I tried on machine to run the code on more RAM-capable machine (till 64G or RAM) and with other engine as well (html-parser)

I think it may be the way bs4 uses lxml, but I did not want to dig deeper. You can replicate this issue by processing any large file, i.e: updatefiles/pubmed18n0935.xml.gz
For example, with the file mentioned above I can only find 2 elements out of 30k.

Temporary, I extracted the xml nodes for 'Citation' using regular expression, just to be sure to import everything.
So, the output now looks like this:

Elapsed time: 5.17 sec for module: get_file_list
- - - - - - - - - - - - - - - - - - - - - - - - - - - - - - DOWNLOADING FILE
Downloading updatefiles/pubmed18n0935.xml.gz ..
Elapsed time: 10.53 sec for module: download
- - - - - - - - - - - - - - - - - - - - - - - - - - - - - - FILE EXTRACTION
Elapsed time: 2.4 sec for module: extract
- - - - - - - - - - - - - - - - - - - - - - - - - - - - - - XML FILE PARSING
The underlying parser failed to retrieve all the elements. Found 2 out of 30000. 
Loading the others now...30000 elements are now loaded.
Elapsed time: 10.33 sec for module: parse

I thought you may wish to know or to investigate deeply this issue

Hey. It took me a while to get why this could append.

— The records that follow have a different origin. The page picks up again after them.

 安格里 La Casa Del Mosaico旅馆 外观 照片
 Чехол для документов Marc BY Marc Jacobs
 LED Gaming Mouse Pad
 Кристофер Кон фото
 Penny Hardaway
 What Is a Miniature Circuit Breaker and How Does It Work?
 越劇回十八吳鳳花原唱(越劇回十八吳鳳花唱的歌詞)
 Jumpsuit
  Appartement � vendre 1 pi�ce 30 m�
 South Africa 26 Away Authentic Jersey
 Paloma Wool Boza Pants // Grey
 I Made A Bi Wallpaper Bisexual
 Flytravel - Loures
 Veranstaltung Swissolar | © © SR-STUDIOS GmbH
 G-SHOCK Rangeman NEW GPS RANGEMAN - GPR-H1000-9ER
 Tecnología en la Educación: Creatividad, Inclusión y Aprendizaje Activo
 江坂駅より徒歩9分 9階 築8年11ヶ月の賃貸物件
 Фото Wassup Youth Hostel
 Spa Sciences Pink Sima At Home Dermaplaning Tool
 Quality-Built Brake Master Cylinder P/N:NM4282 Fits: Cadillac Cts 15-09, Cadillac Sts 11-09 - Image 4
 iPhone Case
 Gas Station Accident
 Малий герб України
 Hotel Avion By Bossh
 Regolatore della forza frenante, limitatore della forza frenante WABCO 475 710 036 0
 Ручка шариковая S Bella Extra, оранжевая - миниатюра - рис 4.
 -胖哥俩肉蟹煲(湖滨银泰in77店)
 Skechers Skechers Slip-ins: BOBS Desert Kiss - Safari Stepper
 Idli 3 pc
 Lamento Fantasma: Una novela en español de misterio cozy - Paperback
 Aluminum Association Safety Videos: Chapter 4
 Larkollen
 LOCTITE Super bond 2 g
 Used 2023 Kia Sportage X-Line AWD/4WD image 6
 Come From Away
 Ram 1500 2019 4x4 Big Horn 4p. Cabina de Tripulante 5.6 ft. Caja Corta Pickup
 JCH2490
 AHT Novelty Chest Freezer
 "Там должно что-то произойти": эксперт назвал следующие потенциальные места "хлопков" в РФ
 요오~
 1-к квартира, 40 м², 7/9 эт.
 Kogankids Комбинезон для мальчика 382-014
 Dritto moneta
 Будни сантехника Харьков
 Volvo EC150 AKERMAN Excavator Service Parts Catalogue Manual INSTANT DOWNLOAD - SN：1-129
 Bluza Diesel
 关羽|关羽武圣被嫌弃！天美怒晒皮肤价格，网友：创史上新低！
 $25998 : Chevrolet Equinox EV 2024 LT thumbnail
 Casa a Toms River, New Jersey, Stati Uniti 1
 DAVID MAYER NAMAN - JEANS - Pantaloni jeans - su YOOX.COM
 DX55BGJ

Obviously, the problem is coming from the code block:

empty_element_tags = set(['br' , 'hr', 'input', 'img', 'meta', 'spacer', 'link', 'frame', 'base']) in the lxml library. When the parsed file contains link tag, it breaks down, thus leading to a miscount.

I added a simple xml indexation of the file (slower), and i re-index with lxml every parsed article to lower the case.

Thanks to notify it and sorry for the late reply.